Extracted material |
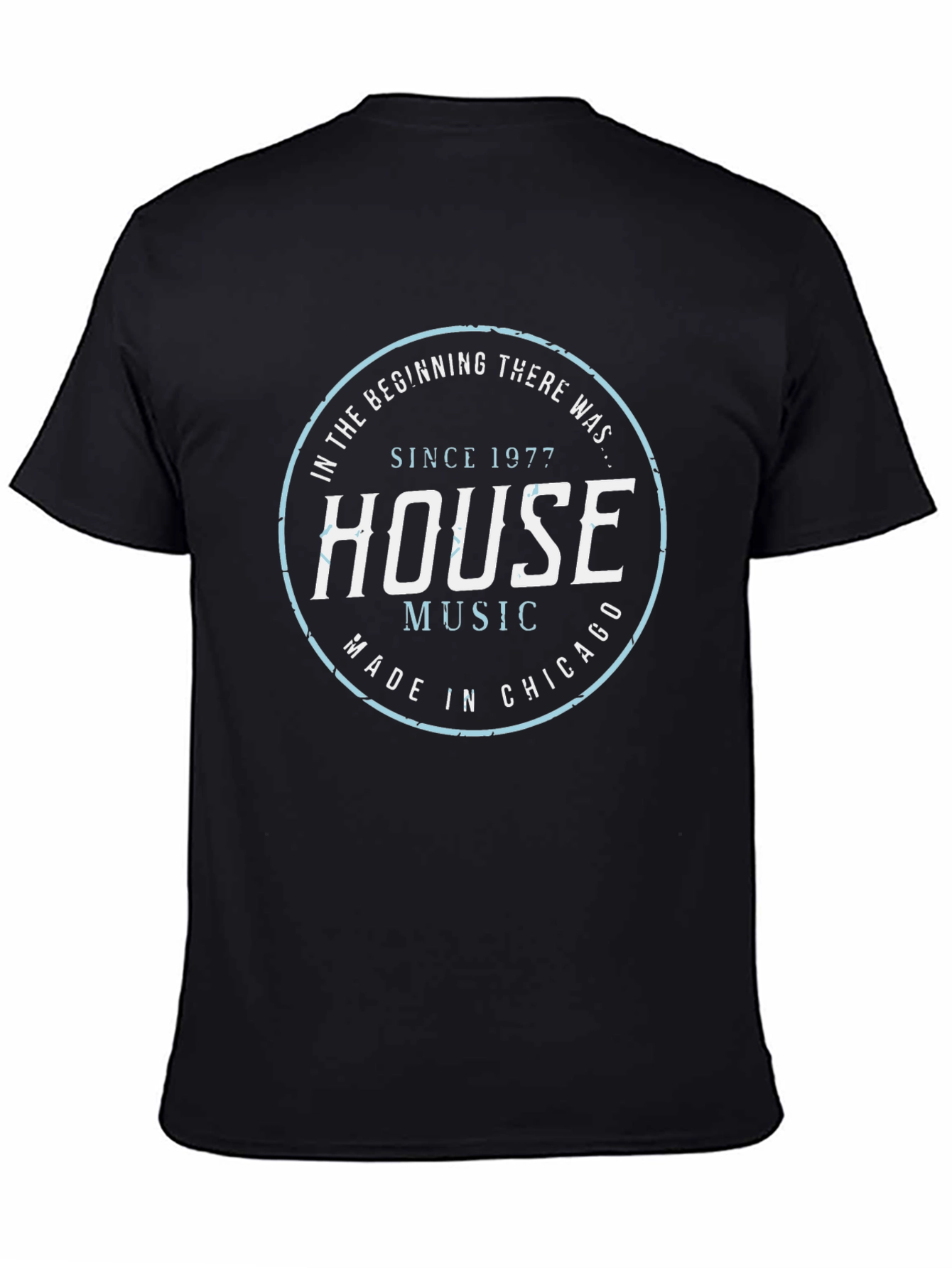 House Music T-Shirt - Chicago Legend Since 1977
==
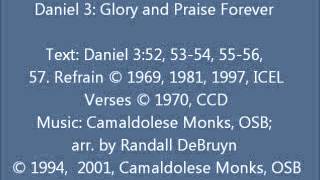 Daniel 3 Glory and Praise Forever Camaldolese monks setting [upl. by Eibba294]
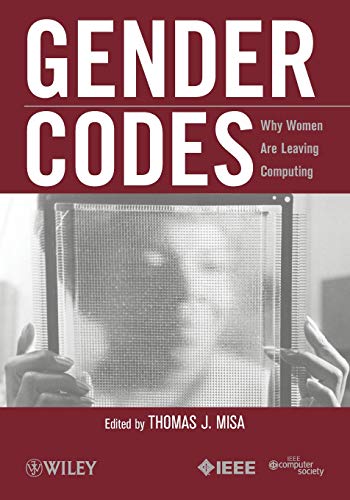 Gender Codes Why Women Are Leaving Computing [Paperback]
--
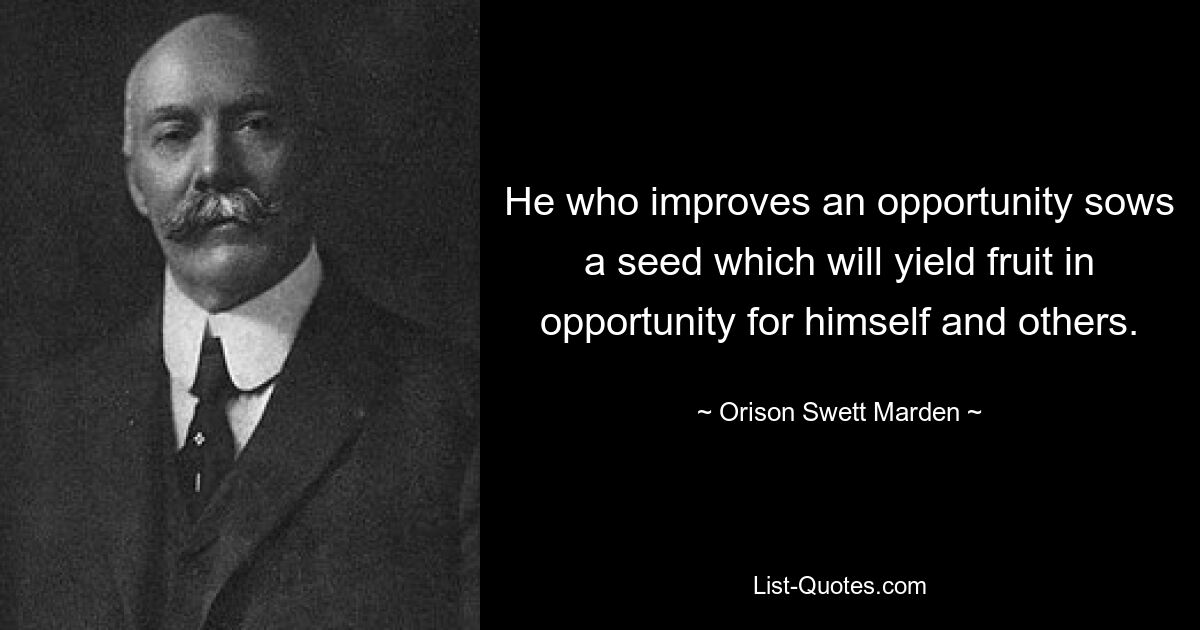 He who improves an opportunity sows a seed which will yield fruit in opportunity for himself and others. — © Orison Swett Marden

What you are asked to do | Within the listing above, find the line containing "Daniel 3 Glory" and the line containing "Gender Codes Why". Transcribe them and everything between them exactly, leaving out the pictures.

Solution to the problem |
 Daniel 3 Glory and Praise Forever Camaldolese monks setting [upl. by Eibba294]
 Gender Codes Why Women Are Leaving Computing [Paperback]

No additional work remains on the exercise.